ENH: Support R6 decrypting #1015

exiledkingcc · 2022-06-20T03:42:28Z

Fixes #416

codecov · 2022-06-20T07:58:59Z

Codecov Report

Merging #1015 (dfaa735) into main (a40946c) will increase coverage by 0.09%.
The diff coverage is 87.64%.

@@            Coverage Diff             @@
##             main    #1015      +/-   ##
==========================================
+ Coverage   89.50%   89.60%   +0.09%     
==========================================
  Files          24       24              
  Lines        4432     4425       -7     
  Branches      919      914       -5     
==========================================
- Hits         3967     3965       -2     
+ Misses        318      314       -4     
+ Partials      147      146       -1

Impacted Files	Coverage Δ
PyPDF2/_reader.py	`91.74% <81.81%> (-0.40%)`	⬇️
PyPDF2/_encryption.py	`74.86% <89.23%> (+2.00%)`	⬆️
PyPDF2/__init__.py	`100.00% <100.00%> (ø)`
PyPDF2/_merger.py	`88.80% <100.00%> (ø)`

Continue to review full report at Codecov.

Legend - Click here to learn more
Δ = absolute <relative> (impact), ø = not affected, ? = missing data
Powered by Codecov. Last update a40946c...dfaa735. Read the comment docs.

MartinThoma · 2022-06-20T11:54:52Z

You're on fire, @exiledkingcc 👍 🚀

The tests pass - is this ready from your perspective, @exiledkingcc ?

exiledkingcc · 2022-06-20T13:38:55Z

thanks to qpdf, althoght it's comment shows the algorithm is NOT EXACTLY described in specifiction.
they say

the wording of the specification is very unclear...

anyway i think you can merge this, it will not make things worse, at least, we can decrypt PDFs encypted by qpdf.
then i will start to rewrite the encrypt part if there is time.
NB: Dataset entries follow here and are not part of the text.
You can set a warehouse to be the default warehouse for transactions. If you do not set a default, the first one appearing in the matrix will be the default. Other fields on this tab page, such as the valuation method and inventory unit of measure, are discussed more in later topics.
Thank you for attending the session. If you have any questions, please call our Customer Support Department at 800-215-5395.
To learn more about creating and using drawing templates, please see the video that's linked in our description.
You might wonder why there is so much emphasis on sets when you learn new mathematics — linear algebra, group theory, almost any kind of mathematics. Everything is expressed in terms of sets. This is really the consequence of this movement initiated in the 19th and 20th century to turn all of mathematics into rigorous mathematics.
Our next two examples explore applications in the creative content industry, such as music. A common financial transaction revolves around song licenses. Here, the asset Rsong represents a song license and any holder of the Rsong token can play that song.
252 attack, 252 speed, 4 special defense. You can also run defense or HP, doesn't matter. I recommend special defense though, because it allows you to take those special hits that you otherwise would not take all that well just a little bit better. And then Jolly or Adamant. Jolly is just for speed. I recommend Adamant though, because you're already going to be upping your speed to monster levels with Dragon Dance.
MartinThoma · 2022-06-20T20:12:29Z

I was just checking the PDF files. While the r2 / r3 / r4 files ask for passwords, the r5 and r6 files don't. I can directly see the content. Are you sure that they are encrypted?
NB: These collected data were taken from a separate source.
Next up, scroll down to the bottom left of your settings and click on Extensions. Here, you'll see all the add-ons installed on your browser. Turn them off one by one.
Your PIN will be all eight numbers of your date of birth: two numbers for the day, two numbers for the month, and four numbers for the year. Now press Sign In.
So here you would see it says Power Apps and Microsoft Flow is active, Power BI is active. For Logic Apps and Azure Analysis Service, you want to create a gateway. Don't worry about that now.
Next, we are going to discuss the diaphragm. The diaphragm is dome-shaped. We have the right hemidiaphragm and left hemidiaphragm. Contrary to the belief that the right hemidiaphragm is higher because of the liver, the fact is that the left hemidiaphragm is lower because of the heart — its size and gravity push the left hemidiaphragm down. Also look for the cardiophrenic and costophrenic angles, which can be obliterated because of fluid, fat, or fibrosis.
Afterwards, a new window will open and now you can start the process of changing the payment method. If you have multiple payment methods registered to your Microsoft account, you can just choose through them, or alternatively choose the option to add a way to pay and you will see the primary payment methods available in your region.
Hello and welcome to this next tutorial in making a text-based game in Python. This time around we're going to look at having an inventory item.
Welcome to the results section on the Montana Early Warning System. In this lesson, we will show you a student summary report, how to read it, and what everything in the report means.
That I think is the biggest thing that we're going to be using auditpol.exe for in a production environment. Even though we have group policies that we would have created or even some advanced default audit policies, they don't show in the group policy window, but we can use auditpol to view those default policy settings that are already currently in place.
exiledkingcc · 2022-06-20T23:07:34Z

yes, they are encrypted, but not password-protected.
for R5 and R6, both user password and owner password can be used to decrypt the file, if one is empty, pdf softwares will not ask for the password.
I'm confused too. the pdf softwares ask for one password to decrypt the PDF file, but there are two passwords used for encryption.

exiledkingcc · 2022-06-20T23:36:42Z

this is how qpdf do about passwords, maybe we should keep the same way:
https://qpdf.readthedocs.io/en/stable/encryption.html#user-and-owner-passwords
so do not merge this for now, i will make the decrypting process more clear and deal with the empty password.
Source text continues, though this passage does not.